Creating the Original Xbox Boot Sound: Using “old school” game audio techniques in a modern console

Brian Schmidt
Oct 16, 2021
9 min read

Updated: Apr 29, 2024

It’s hard to believe it’s been 20 years since the original Xbox hit the store shelves on November 15, 2001. As a member of the original Xbox design team, one of the most fun parts for me was creating the boot sound, which ended up having some very surprising challenges.

In case you need a refresher, here is the original Xbox Boot sequence: https://www.youtube.com/watch?v=E1ebJZUOtL8

One of the very last things we did when designing the original Xbox was create the startup sequence. The purpose of the startup sequence is more than to just be entertaining and serve as the audio/visual brand of the device. There is a practical component as well—hide the boot time. One of the design and PR precepts of the Xbox was that it was not a PC; PC’s at the time were associated with long boot times (a minute or more), blue screens of death and the like. We wanted something that would be entertaining from the moment you pressed the “Start” button, and felt like a consumer device that instantly turned on.

But the system still has to ‘boot’ itself—the disk drives have to spin up and systems have to initialize. The Xbox hardware and software team went to great efforts to make the boot time fast. In the end they got it down to about 8 seconds. And because of how they designed the bootup software, we could display a cool visual animation during those 8 seconds, ‘hiding’ the boot time by booting while showing the opening visuals.

When it came to sound, though, we had a big challenge.

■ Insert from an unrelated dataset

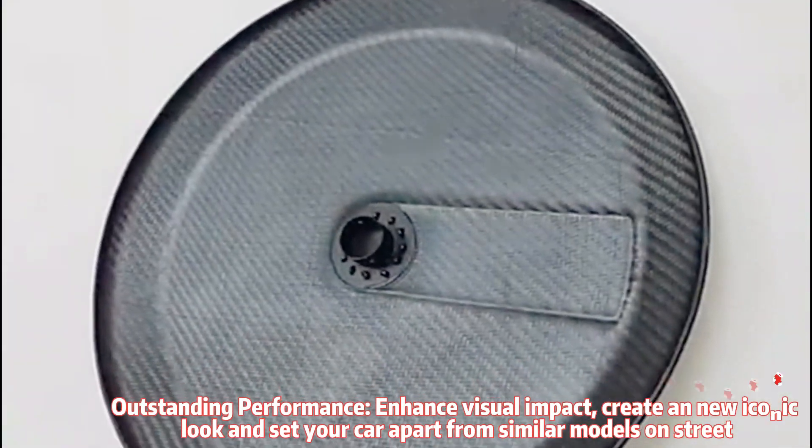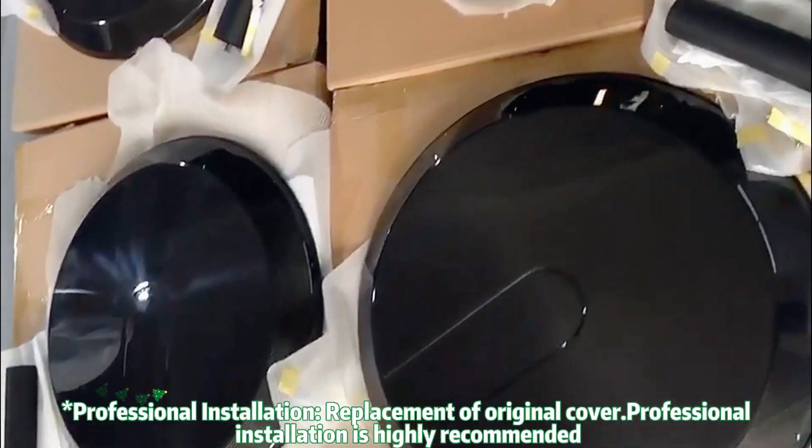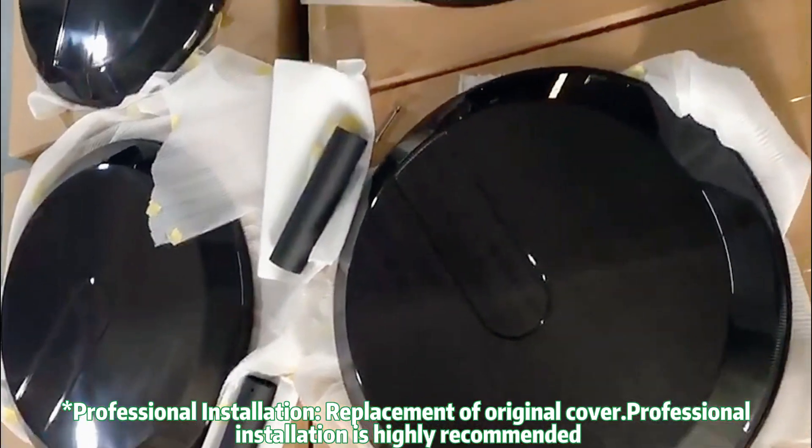Outstanding performance — enhance visual impact, create a new iconic look, and set your car apart from similar models on the street. Professional installation: replacement of the original cover; professional installation is highly recommended.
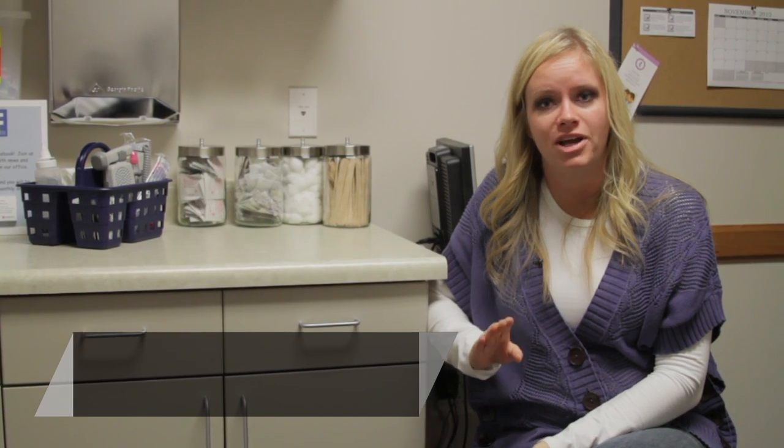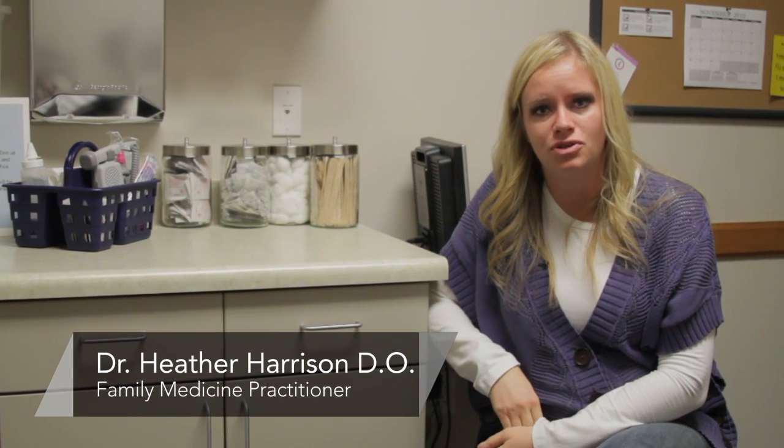This is Dr. Heather Harrison. I'm a family physician at the Central Utah Clinic in Provo. Today we're talking about how to read your ultrasound.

Usually, creating sound for visuals is straightforward; get a copy of the video, bring it into your favorite DAW (Digital Audio Workstation), use whatever studio software or hardware you have to create a cool sound synced to the visual, render the wave file and you’re done. However for the Xbox, we couldn’t do that. During the boot sequence, the only memory the system could access was a small “boot ROM” on the motherboard. That stored the Xbox OS kernel as well as opening visual sequences. That ROM was only 256 kilobytes, and after accounting for the OS kernel and visuals there was only about 25kilobytes of room left. If you do the math, 25kilobytes gets you barely half second of 8-bit mono audio. So, creating the boot sound in a DAW wasn’t an option.

The question then became how to create an 8-second boot sound using only 25kbytes of memory. As luck would have it, I’d spent a good deal of my career in game audio prior to Microsoft doing just that—creating sound and music for extremely limited memory for arcade games and 16-bit console games for the Genesis (Megadrive) and Super Nintendo; the entire sound budget for Desert Strike (1992), for example, was less than128kb. So back then, we didn’t use wave files; we generated both music and sound effects dynamically, typically from hand-coded note-lists driving an on-board synthesizer chip.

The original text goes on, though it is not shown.